Для ятвягов, при разговорах о которых у Яна Немого, несмотря на всю тренированную выдержку, второй день дёргался шрам на щеке, полетела или поскакала вдогонку вторая весть, контрольная, чтобы прибыть чуть позже первого зова: помощь князю-волку в этом деле перевесит все грехи прошлого. Пояснял Всеслав, вроде как, всем в комнате сразу, никого не выделяя особенно, рассказывая о том, что мёртвых не воскресить, искалеченных не исцелить, нога или рука вырасти заново не смогут. А вот дети, что не будут в своих играх «убивать» ближайших соседей, называя их, повторяя за старшими, самыми последними словами — могут. И вырастут, если всё удастся сделать так, как задумано. К концу этого безадресного объяснения щека Немого перестала плясать, и брови от переносицы чуть отошли. И это было очень важно, и очень нелегко.
На Буривоя смотреть было страшно и тревожно. Ясно читалось, что верховный волхв не спал ни минуты, не единожды передумав и пережив разговор вчерашней ночи. И воспоминания о том были не из приятных.

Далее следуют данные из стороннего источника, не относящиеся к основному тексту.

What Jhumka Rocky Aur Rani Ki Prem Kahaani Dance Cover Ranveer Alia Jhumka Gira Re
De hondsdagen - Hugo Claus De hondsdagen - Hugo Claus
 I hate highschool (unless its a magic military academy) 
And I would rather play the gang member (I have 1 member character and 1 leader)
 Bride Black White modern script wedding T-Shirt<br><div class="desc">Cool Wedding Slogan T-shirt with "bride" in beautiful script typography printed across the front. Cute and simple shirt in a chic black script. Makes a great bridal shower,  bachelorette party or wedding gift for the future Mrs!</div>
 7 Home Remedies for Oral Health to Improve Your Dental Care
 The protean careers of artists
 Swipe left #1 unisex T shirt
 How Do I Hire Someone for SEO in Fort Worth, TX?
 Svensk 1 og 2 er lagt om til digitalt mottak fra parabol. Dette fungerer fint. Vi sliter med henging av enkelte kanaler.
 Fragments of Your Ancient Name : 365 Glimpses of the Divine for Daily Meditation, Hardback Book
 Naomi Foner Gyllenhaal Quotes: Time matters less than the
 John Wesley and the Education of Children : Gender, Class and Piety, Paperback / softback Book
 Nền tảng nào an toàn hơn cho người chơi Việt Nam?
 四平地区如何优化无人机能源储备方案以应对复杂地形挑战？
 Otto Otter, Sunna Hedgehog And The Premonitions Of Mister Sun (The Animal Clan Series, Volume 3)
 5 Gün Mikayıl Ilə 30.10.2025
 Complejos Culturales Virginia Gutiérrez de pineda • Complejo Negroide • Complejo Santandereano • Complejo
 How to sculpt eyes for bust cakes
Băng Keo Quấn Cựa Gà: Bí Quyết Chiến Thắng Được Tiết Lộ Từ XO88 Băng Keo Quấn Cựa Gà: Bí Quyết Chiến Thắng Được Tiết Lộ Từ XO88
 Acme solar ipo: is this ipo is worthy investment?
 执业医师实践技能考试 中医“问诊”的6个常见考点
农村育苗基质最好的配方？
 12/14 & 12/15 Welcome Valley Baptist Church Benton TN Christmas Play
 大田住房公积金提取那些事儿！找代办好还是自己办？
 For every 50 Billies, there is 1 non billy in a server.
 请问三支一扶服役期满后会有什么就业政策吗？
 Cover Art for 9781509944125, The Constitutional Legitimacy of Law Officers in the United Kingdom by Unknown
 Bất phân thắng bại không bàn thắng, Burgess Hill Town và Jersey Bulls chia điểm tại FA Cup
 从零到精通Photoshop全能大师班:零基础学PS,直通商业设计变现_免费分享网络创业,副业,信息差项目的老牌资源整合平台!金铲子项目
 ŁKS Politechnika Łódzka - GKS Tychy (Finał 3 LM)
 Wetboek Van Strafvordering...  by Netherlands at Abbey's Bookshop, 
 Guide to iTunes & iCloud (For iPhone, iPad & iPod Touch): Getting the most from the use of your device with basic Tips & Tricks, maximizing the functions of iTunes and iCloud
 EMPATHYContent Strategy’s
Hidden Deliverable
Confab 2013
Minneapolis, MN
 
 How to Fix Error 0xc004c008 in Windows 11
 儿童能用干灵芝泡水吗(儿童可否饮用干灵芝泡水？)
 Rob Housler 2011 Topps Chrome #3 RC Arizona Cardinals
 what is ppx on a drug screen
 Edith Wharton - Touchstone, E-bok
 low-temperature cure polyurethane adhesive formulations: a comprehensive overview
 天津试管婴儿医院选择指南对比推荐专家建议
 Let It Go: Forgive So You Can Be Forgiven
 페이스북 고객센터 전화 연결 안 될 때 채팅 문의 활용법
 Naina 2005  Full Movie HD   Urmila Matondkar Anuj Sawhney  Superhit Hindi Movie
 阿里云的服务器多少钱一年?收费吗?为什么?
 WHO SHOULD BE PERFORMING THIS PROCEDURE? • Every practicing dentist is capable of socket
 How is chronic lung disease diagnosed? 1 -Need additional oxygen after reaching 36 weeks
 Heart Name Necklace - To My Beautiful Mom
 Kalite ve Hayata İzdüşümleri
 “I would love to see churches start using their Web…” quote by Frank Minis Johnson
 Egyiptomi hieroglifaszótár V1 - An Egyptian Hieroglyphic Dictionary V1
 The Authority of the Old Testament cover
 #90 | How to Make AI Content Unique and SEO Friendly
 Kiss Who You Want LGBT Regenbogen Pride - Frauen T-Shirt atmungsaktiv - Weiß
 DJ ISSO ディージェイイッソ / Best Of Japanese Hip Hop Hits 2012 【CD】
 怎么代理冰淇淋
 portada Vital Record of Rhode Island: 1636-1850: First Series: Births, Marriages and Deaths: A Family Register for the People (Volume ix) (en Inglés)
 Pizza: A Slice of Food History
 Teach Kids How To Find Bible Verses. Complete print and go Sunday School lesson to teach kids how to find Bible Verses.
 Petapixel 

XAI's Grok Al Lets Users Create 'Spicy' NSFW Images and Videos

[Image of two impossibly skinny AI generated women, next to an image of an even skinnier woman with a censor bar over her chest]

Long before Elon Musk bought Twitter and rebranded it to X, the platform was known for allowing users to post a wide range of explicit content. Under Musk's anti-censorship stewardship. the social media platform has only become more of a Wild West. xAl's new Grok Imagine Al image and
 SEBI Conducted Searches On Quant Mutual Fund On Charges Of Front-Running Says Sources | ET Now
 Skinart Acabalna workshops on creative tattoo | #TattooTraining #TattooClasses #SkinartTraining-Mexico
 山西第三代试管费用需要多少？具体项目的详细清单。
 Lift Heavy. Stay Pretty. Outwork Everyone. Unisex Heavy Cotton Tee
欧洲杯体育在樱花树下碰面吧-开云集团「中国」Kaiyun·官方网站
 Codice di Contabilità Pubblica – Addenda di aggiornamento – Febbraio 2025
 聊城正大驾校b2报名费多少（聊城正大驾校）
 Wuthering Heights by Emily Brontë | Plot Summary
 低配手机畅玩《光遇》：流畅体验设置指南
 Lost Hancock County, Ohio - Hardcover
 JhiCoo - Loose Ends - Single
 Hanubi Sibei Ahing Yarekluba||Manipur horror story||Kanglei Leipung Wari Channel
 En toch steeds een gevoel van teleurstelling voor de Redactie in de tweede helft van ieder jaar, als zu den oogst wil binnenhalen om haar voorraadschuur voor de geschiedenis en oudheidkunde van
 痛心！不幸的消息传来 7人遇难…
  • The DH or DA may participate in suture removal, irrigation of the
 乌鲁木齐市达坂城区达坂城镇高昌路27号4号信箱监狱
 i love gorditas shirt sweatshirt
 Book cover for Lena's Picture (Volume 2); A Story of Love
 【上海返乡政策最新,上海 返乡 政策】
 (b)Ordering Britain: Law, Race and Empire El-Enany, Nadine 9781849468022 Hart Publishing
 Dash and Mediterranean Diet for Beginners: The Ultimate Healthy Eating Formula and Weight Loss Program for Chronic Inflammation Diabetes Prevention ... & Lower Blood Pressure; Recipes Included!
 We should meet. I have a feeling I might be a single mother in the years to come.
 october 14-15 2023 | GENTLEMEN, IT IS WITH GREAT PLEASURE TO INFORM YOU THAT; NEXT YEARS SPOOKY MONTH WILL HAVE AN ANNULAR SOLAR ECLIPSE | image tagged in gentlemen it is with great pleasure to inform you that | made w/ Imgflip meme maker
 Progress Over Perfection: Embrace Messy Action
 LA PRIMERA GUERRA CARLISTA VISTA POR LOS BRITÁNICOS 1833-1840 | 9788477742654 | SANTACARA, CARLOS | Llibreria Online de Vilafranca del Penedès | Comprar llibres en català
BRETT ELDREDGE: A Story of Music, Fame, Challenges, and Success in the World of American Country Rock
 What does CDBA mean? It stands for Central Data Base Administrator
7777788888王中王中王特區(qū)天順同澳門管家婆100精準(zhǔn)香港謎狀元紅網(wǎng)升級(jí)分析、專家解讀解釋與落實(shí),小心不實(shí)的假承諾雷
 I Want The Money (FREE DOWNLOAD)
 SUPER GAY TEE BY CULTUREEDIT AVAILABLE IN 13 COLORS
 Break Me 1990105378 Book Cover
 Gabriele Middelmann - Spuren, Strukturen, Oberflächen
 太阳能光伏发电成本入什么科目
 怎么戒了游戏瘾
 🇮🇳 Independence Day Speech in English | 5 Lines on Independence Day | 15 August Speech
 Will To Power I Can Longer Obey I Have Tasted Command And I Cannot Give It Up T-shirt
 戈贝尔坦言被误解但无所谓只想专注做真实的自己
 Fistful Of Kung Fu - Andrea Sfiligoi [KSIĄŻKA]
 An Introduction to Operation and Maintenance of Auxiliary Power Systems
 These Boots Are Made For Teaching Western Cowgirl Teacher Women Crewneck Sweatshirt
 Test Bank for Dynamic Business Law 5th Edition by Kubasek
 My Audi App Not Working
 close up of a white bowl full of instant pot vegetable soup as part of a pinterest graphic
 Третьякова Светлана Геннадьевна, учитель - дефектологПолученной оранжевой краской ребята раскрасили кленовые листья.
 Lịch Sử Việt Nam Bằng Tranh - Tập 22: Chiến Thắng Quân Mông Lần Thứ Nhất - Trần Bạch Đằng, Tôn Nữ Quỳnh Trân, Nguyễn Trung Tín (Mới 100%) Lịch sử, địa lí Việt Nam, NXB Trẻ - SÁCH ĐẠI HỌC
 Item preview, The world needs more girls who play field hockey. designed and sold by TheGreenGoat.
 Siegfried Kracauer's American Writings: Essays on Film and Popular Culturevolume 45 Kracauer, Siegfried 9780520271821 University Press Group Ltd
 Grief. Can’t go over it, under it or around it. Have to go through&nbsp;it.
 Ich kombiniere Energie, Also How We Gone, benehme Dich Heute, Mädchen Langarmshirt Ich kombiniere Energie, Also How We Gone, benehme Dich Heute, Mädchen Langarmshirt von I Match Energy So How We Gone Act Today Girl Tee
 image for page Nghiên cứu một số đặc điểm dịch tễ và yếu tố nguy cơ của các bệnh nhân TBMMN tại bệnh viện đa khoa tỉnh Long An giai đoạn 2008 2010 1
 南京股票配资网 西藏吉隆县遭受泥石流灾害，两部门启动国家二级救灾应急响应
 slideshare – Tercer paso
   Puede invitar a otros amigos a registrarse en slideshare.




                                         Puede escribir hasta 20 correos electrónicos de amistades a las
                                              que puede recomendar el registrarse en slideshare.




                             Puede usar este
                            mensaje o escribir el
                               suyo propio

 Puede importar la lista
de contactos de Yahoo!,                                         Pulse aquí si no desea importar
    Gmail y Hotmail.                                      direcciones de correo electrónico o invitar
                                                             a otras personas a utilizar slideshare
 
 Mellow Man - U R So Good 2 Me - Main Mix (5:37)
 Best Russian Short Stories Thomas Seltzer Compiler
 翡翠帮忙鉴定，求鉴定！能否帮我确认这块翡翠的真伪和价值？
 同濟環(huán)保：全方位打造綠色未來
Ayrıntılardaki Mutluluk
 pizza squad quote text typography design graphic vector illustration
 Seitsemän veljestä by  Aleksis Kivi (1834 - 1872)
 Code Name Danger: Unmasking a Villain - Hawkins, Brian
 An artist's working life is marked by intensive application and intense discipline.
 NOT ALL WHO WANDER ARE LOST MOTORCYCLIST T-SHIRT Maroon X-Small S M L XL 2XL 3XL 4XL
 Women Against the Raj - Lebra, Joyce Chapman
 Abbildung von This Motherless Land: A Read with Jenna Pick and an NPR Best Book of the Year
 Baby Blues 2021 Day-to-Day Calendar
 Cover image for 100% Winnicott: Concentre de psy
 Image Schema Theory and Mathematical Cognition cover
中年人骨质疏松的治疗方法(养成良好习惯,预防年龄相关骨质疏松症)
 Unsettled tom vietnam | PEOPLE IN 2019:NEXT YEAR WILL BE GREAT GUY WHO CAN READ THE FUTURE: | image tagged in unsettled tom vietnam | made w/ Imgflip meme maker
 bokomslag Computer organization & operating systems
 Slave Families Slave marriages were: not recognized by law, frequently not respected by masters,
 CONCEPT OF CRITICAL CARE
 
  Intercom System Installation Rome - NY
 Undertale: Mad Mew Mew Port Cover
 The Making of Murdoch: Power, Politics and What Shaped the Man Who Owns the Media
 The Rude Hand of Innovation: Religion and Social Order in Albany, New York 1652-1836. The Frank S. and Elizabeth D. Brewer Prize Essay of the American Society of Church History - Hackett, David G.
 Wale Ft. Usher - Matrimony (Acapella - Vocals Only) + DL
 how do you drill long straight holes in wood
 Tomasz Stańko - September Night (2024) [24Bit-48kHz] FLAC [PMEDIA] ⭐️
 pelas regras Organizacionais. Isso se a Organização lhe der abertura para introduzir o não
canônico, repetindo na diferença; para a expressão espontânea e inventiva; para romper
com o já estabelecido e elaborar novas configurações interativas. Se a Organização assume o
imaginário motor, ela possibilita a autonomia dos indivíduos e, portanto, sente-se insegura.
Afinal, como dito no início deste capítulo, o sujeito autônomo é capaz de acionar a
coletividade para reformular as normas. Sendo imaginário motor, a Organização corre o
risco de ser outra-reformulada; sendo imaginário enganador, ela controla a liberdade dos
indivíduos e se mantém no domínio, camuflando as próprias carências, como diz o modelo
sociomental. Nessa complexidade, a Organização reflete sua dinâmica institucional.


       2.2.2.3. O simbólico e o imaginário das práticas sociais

— Не казнись, волхв, — уже выходя на тренировку, задержался рядом с его сгорбленной спиной и опущенными скорбно плечами Чародей. — В том нет проку, нет пользы, и уж точно чести никакой нет. Ты привык с племенами соседними речи вести́ да наказы давать. И враги у тебя были простые и понятные: князья, от жадности слепые, которыми другие руки водили, хитрые, многоопытные. Теперь всё иначе. Границы, что я им на карте обозначил и с монахом-латинянином передал, конечно, сильно навырост нарисованы, не на пять и даже не на десять зим вперёд. Это цель дальняя, и путь к ней долог и труден. И ошибок, страшных, дорогих, оплаченных жизнями русскими, много на нём можно допустить. Думай лучше о том, что такую же, чтоб мою задумку хотеть сделать лучше, да чуть всё не испортить, никто больше не сделает. Ты сам первый и не позволишь. Так?
Волхв поднял глаза на князя. И боль в них сменялась удивлением и надеждой.
— Так, Всеслав. Благодарствую… за науку… и за доверие твои. Ваши, — еле слышно отозвался Буривой. И склонил голову.
Про эти новости знали считанные единицы. Князь внимательно и убедительно, как прекрасно умел, пояснил ещё ночью: цена этим знаниям несказанно велика. Золото и серебро, меха и каменья — брызги, не стоившие и упоминания. А вот два десятка жизней русов-героев, каждый из которых годами учился-готовился и опыта нужного, редкого, имел в достатке таком, что как бы не сотни один стоил — это не просто дорого. Это бесценно. И когда Чародей узнает — а он узнает непременно — от кого прошла молва, из-за которой вышло хоть единому ратнику живым до дома не добраться — этот кто-то сразу же станет князю-оборотню врагом. А они живут недолго и очень нервно, а вот умирают медленно и очень плохо.
Даже Дарёне, что начала было выспрашивать вчера, дождавшись, всё-таки, мужа, ничего не рассказал Всеслав.
— Прости, ладушка, не буду говорить. Знаешь, как, бывает, говорят: лишние уши. Тут, в этот именно раз, счёт идёт не на лишние, а на все вообще. Слишком цена велика, мужикам сказал, и тебе повторю. Да и сглазить боюсь, хоть ты и не глазливая у меня, — Чародей говорил тихо, чтобы не потревожить сына. У Рогволда резались клыки, и спал он третью ночь беспокойно. Как и они с женой.
— Не буду допытываться, Всеславушка. Ты, верно, лучше знаешь, что делаешь. Если не ты — то никто точно ничего сладить не сможет. Как скажешь, любый мой, — она поцеловала мужа и почти сразу заснула, пристроив щёку ему на грудь. На тот самый шрам от копья, появившийся тогда же, когда и я в этом мире. Всеслав глубоко вздохнул — и тоже уснул.
Мы с князем за привычным столом над кроватью снова и снова «пробегались» по плану, но найти, как и чем ещё его можно было улучшить, не получалось. Оставалось только ждать. То, чего так не любили ни он, ни я.